Por SID LOWE - THE GUARDIAN ONLINE www.guardian.co.uk
Publicado el Miércoles 31 de marzo, 2010
traducido hoy por mí
La primera vez que fueron a por él, se escondió; la segunda, no tuvo escapatoria. Corría septiembre de 1997 y Rodolf Borrell había llegado para ver jugar a unos chavales en Mataró, sobre la costa al norte de la capital catalana. Para el técnico de alevines del FC Barcelona –el club para menores de once años– el viaje era familiar pero, aunque ya había hecho la misma visita dos meses antes, el chico que llamó su atención no. Había, anotó, un nuevo número 4 que controlaba todo el mediocampo. “Tenía todo: visión, condición atlética, entusiasmo, velocidad” anotaba Borrell. Sabía dar pases, sabía chutar y, sobre todo, su toma de decisiones era espectacular.”

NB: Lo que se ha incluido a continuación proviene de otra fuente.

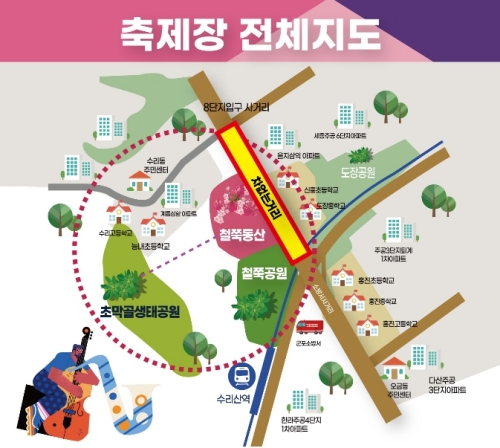 군포철쭉축제 지도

El dictamen de Borrell era exacto excepto por un detalle: el jugador no era nuevo. No había sonado el pitazo de medio tiempo cuando el hombre que hoy trabaja con Rafa Benítez en el Liverpool se acercó al señor Blai, entrenador del Mataró, y le preguntó de dónde había salido aquel nuevo valor. Blai se sonrojó un poco, meneó la cabeza y, mostrándose culpable, finalmente confesó que el niño se llamaba Francesc Fábregas Soler, que era “una bestia”, y que ya había estado en su visita anterior. “Pero teníamos órdenes de esconderle,” admitió. “Cuando viniste, le hicimos quedarse en los vestidores.”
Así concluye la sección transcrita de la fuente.